Entrò in casa. Occorse qualche istante perché i suoi occhi si abituassero all’oscurità. Un profumo di lillà aleggiava nella sala lunga e fresca. Un vaso laccato, colmo delle odorose infiorescenze, adornava un tavolino posto sotto la statua del Guardiano. La scultura era nuova, ed era opera di Ramanth, lo stesso artista che aveva diretto i lavori di costruzione della grandiosa statua nel Tanjo. Sorren si inchinò alla statua: labbra di pietra le sorrisero, e occhi di pietra baluginarono.

Si domandò che fine avesse fatto la vecchia scultura. Era ovvio che non la si poteva ridurre in frantumi così come si fa con una vecchia pentola ormai inservibile. Un gesto simile sarebbe stato irriverente nei confronti del cea. Tese l’orecchio per carpire il suono della voce di Arré dallo studio. Quel mattino Arré aveva in programma una riunione con i suoi agrimensori per discutere un progetto di ampliamento di alcune strade. Dallo studio non giungeva alcun suono. Sbirciò allora nella sala grande. Elith era là, intenta a spolverare mormorando tra sé, mentre passava lo strofinaccio sulle pareti.

Era vecchia, Elith, grassa come un materasso di piume, e sorda per di più, ma un tempo era stata la cameriera personale della madre di Arré Med e, da allora, aveva continuato a servire in quella casa. Sorren chiamò a voce alta: – Elith! Sai dov’è lei?

La donna si voltò lentamente. – In cucina.
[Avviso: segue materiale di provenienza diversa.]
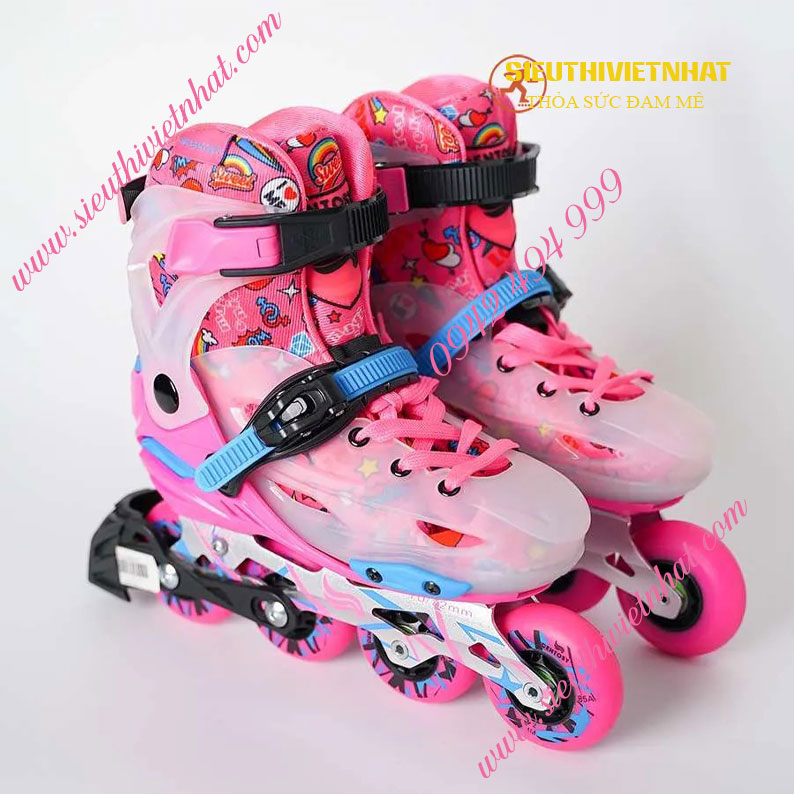 Giày Patin Trẻ Em Centosy Kid Pro 2 Màu Hồng Xanh5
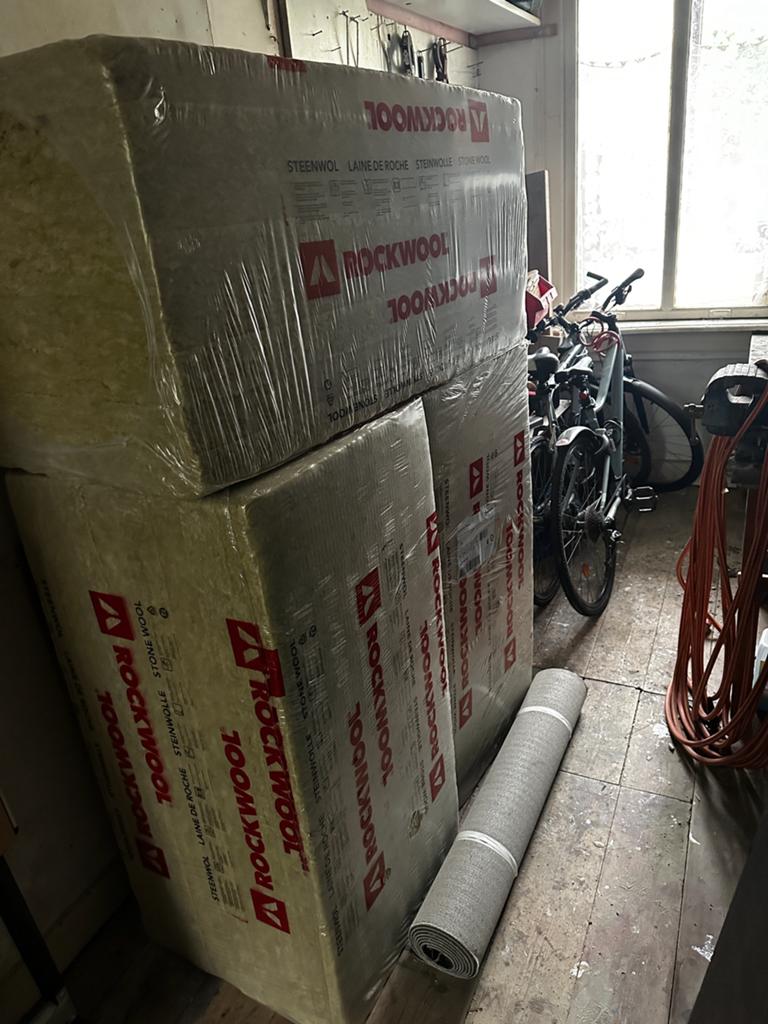 20m2+ Rockwool Rocksono Base 120x60x7cm, Ophalen, Dakisolatie, 4 tot 8 cm, Nieuw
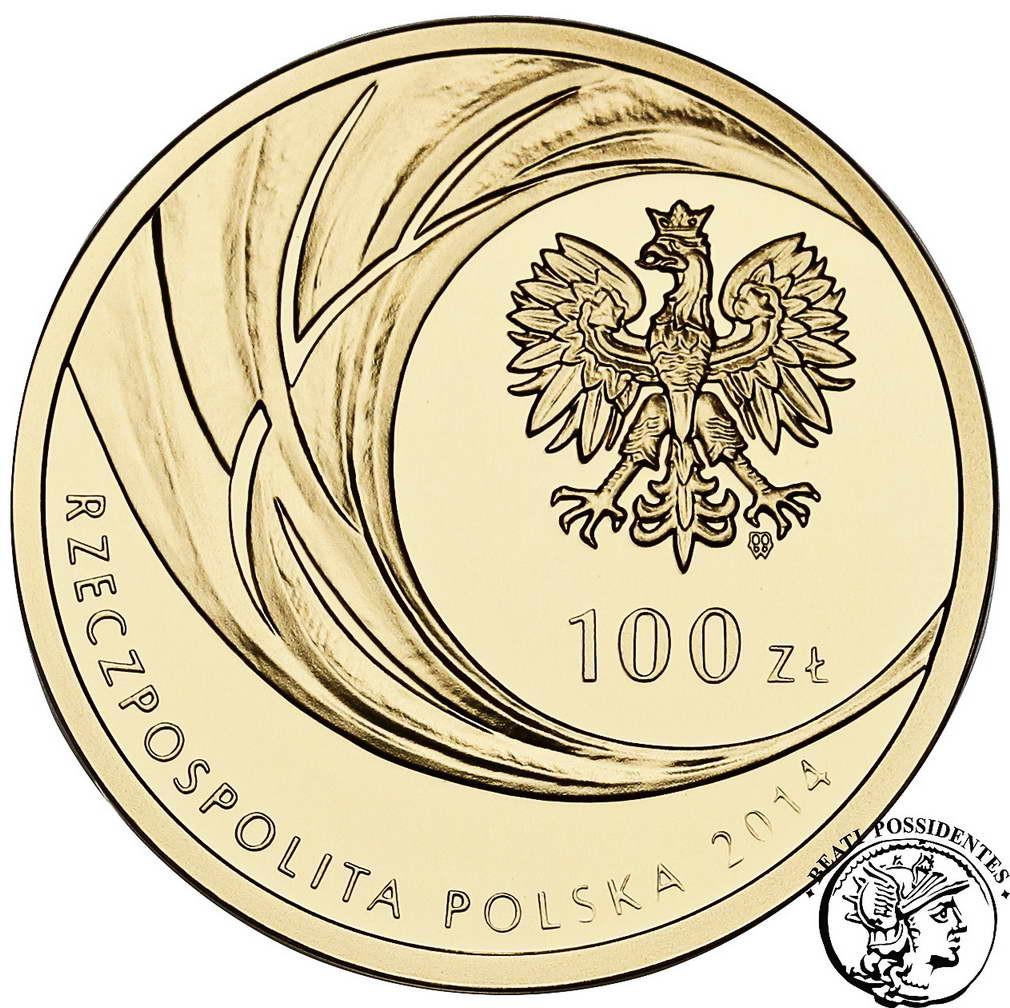 III RP 100 złotych 2014 Kanonizacja Jana Pawła II st. L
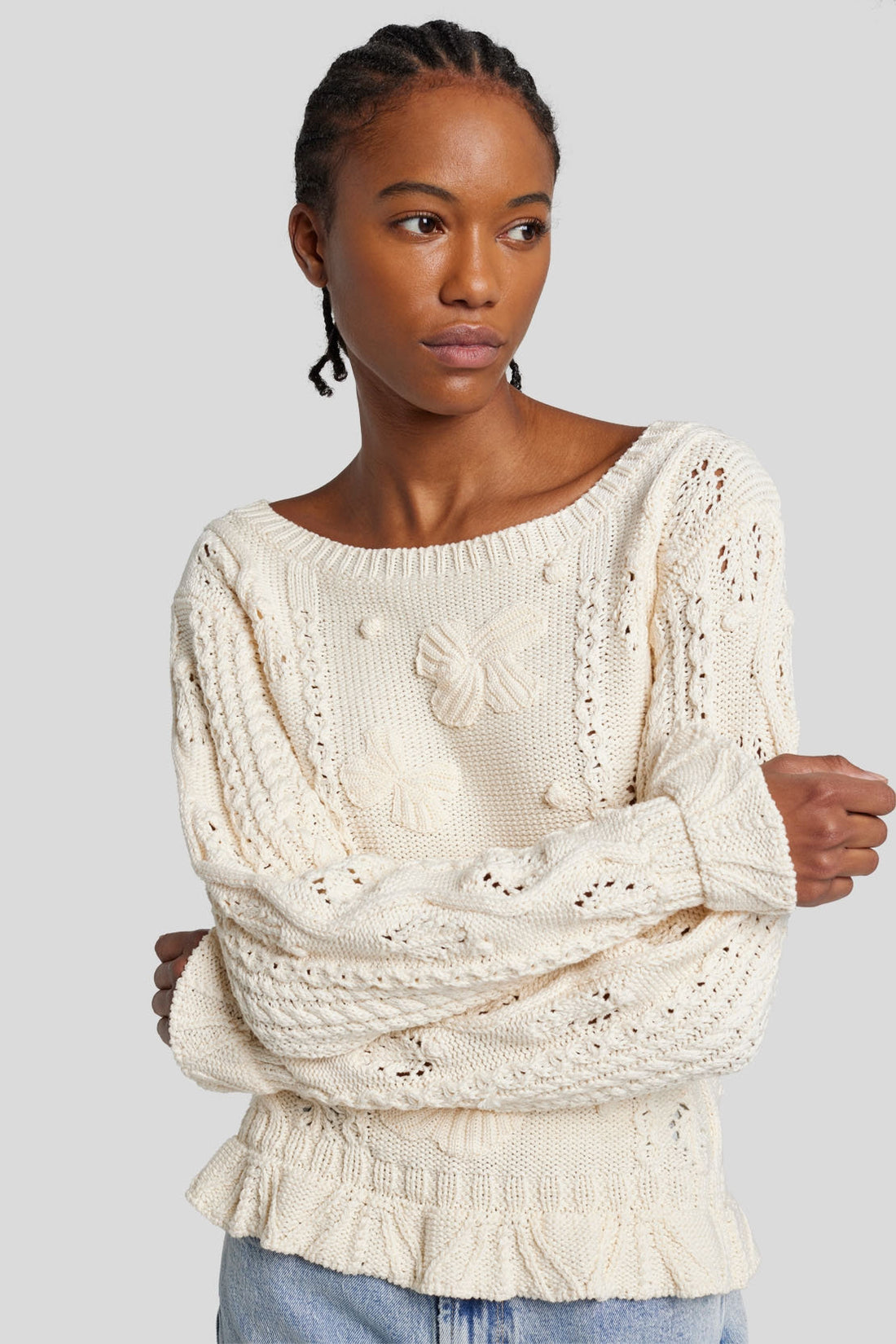 Bobble Sweater Cotton Cream_JSHL5480CR_CR_01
Sorren vi si diresse. Tutte le porte e le finestre erano aperte, schermate da reti per impedire alle mosche di entrare, ma la temperatura nell’ampia cucina era caldissima, più calda ancora dell’afa insopportabile del mercato. Arré stava lì, impegnata a discutere col cuoco. Si voltò non appena sentì Sorren entrare. – Ebbene? Cosa ti ha detto il pescivendolo?

Gocce di sudore scorsero sul labbro superiore della ragazza. – Il pescivendolo dice che non può mandarti il pesce persico ma, se vuoi, può servirti con delle buone passere – rispose strofinandosi il labbro.

– Le passere andranno bene.

– È così che gli ho detto anch’io.

– Come vuoi che le prepari? – le chiese il cuoco.

– Non ha importanza, purché non siano troppo speziate. Marti non può mangiare carne piccante.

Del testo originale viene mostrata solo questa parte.